I don't hink that anything majorr would happened, Stalin will just become leader few years before than OTL.

Why? He wasn't General Secretary yet--indeed, that powerful post had not yet been created. He was just one member of the Politburo and People's Commissar of Nationalities--a significant office to be sure but nothing like Trotsky's position as People's Commissar of War.
 
It's really wide open. Lenin's death leaves a power vacuum, and everything depends on who ends up filling it. If Stalin still comes out on top it might not be that different from OTL. If anyone else does - which is more likely just because there are a lot of competitors out there - then Soviet history is gigantically different in every respect. Stalin was a big deal.
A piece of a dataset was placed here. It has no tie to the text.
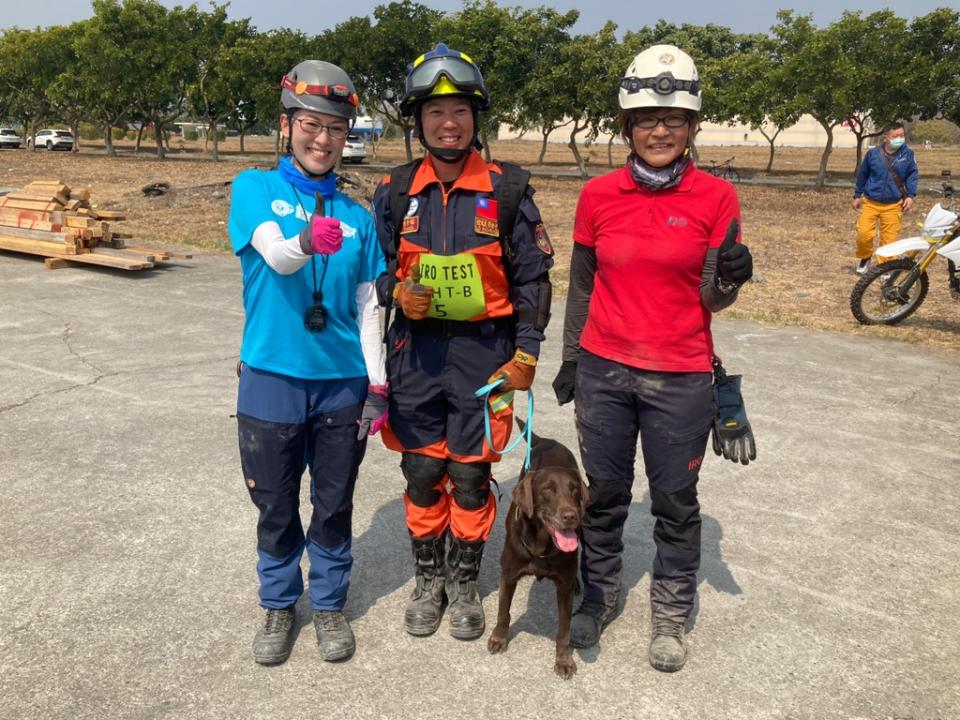 《圖說》新北消搜救犬隊112年移地訓練＆IRO活動一。〈消防局提供〉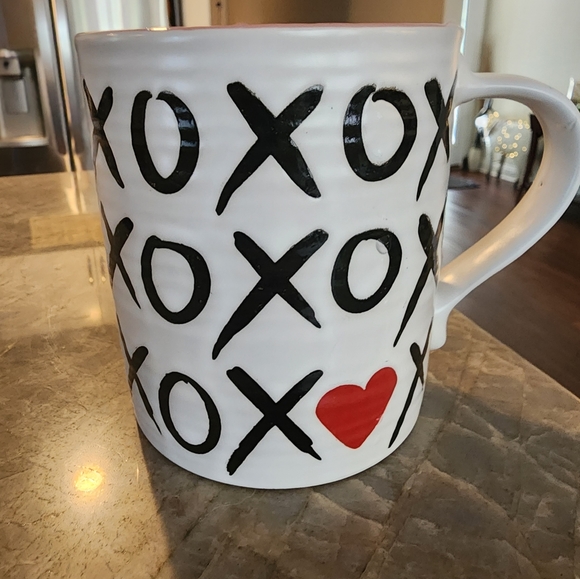 XOXO  14 oz. Mug - perfect for that special  person. Excellent shape - Picture 6 of 8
To write a more detailed timeline you'd have to pick someone to be the new leader and proceed based on their idiosyncrasies.
 

abc123

Banned
Why? He wasn't General Secretary yet--indeed, that powerful post had not yet been created. He was just one member of the Politburo and People's Commissar of Nationalities--a significant office to be sure but nothing like Trotsky's position as People's Commissar of War.


Just kidding a bit, to provoke more response to this interesting thread.

Agreed. He was also out of Petrograd at the time, in Poland together with Trotsky. So, who? Zinoviev, Bukharin, Kamenev?